Шрифт:
Интервал:
Закладка:
В это никто не верит, но в лучшие годы (считая 1920–1939!) Польша с «подпольем» была самой большой страной Европы, держала форс, и рисовала гербового орла, и гарцевала, и куражилась — но никогда не умела удержать отвоеванное, отнятое, отсуженное и отхапанное. Польский протекторат сроду не держался над соседскими непассионарными землями дольше поколения, и территория раз в полстолетия гуляла туда-сюда подобно гармошке. Отсюда и парадоксы национального характера: заносчивость, грация, озорство, философизм, враждебные друг другу достоинство и юмор; легкость и избыточность во всем — столь востребованные сценой. По Вайде, Цибульский мог посреди представления внезапно захохотать на сцене: он выжил подростком в восстании и был переполнен бытийным восторгом, что так отзывался в публике, большинство которой тоже выжило в восстании. Презренные «новые варшавяне», заселившие город после резни 1944-го, не ходили в театр. Слово «быдло», как известно, тоже польского происхождения.
Титульные красавцы национального экрана и сцены Ольбрыхский, Цибульский, Ломницкий, Гайос, Лукашевич, Линда легко и естественно впадали в эксцентрику, переходили с пафоса на арлекинаду, от бурлеска к трагедии. Синтетизм национальной арт-школы, казалось, генетически восходил к переменчивой польской истории. В них не было победительной тяжеловесности русских-немцев-англичан, как и настырно плебейского хохмачества пораженцев — украинцев-чехов-евреев. Сохраняя и в буффонаде осанку благородства, паны с паненками были идеалами мужчин и женщин — тем напоминая французов, еще одну многажды падшую империю, — и крайне гордясь подобными параллелями.
Красиво танцевать. Красиво одеваться. Красиво курить. Красиво молчать. Элегантность была у них врожденной, и басни о польском водопроводчике Петре, как и дублированный образ братьев Качиньских, больно ранили ревнителей пышной национальной легенды. Польский хам, польский жлоб казались измышлениями недругов. На сцену и экран таких не пропускали. Как родной язык под чужим суверенитетом, там хранили шляхетский стиль от посягательств черни.
Смешно, символично и неправдоподобно, но началось все с ХХ съезда КПСС. Закрытый доклад Хрущева до такой степени травмировал наместников, что самого надежного из них Болеслава Берута удар хватил прямо в зале и он умер в клинической больнице г. Москвы, не приходя в сознание (жуткая смерть для поляка). Управление перешло к вернувшемуся из тюрьмы Гомулке, который степенью свобод немедленно превзошел метрополию, и уже в конце 56-го по фестивалям ударило польское «другое кино». Шли по рукавам столичной канализации герои новейшей польской трагедии. Возвращались из неволи небритые блондины с прищуром.
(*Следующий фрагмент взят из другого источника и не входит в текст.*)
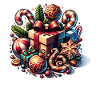 Merry Christmas Party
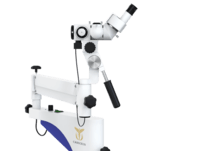Кольпоскоп медицинский с видеосистемой CADUCEUS DETECTION SVL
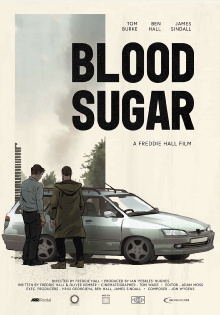 Blood Sugar Trailer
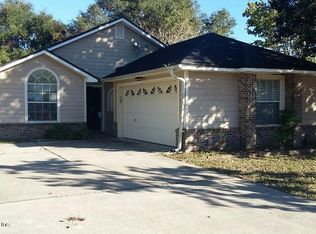 1679 Hudderfield Cir E, Jacksonville, FL 32246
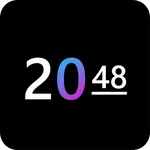 2048 Game icon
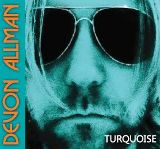 Ruf Records Signs Devon Allman & Will Release His Debut Solo CD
Выныривали на пустынное взморье меланхоличные русалки.
Их долгое молчанье и поздние слова породили особый, ни на что не похожий жанр киномузыки — польскую балладу Ежи Матушкевича, Кшиштофа Комеды, Адама Валясинського (последний писал титульную песнь «Четырех танкистов и собаки» на слова самой Агнешки Осецкой, если кому что-то говорит это имя).
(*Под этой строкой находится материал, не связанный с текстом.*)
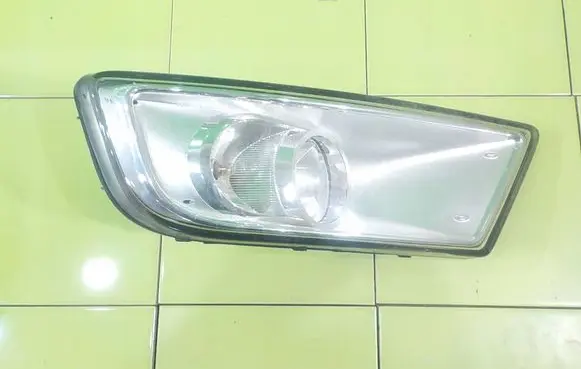 Ford Galaxy Front fog light 6M2115K201B PRAWY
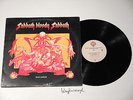 BLACK SABBATH - SABBATH BLOODY SABBATH, BS 2695 WARNER BROS.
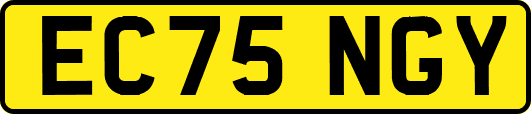 EC75NGY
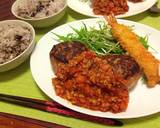 母から受け継いだミートソーススパゲティ♡作り方9写真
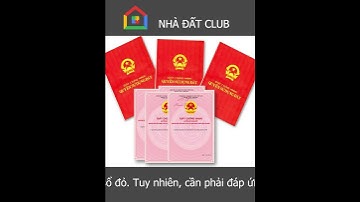 Luật đất đai 2024: Đất bao nhiêu m2 thì được cấp sổ đỏ?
Начали с самой «проходной» темы — войны. Сопротивление во всех столицах Европы было господским, а значит, сектантским, а значит, террористическим (вне зависимости от левой или правой ориентации — народовольческая БКП в Софии и варшавская ультраправая Армия Крайова действовали одинаковыми методами). Не имея контактов на производстве и транспорте, не в силах организовать сколь-нибудь системный и эффективный саботаж, чистенькие студенты и курсистки присягали террору — крайне, заметим, киногеничному. Совместное музицирование, стихи и пальба по захватчику из импортных английских «стенов» с боковым рожком сливались воедино и тоже наполняли сердца изоляционистской гордыней. Это вам был не гвоздь партизана Боснюка. В евангелии польского Резистанса на два фронта — «Пепле и алмазе» — коханочка навещала боевика, когда он близоруко искал на полу гостиничного номера пружину разобранного «кольта», — и сколько ж было польского именно в этой неловкости, и отчаянии, и юношеском порыве.
С этим кино пришел в Россию и совершенно ей незнакомый поведенческий холод: замкнутый, исподлобый, воистину вестерновский индивидуализм. В фильмах «Канал», «Последний день лета», «Закон и кулак», «Пепел и алмаз», «Преступник оставляет след» в центре или на периферии всегда присутствовал всем посторонний, чужой, крайне самоуверенный носитель стиля cool с какой-нибудь мальчишеской кличкой — Чех, Тарзан, Смуклый, — а уж персонажей по имени Волк с ру-ками в карманах шлялось там не меньше десятка. Он почти всегда не носил шапки, молчал на вопросы, лучше всех стрелял, курил, разбирался в людях. Держал дистанцию. Не всегда брился. Его не торопилась брать на должности новая власть, — что только добавляло блеска личности. Невелик шарм в скорых на карьеру народных вожаках.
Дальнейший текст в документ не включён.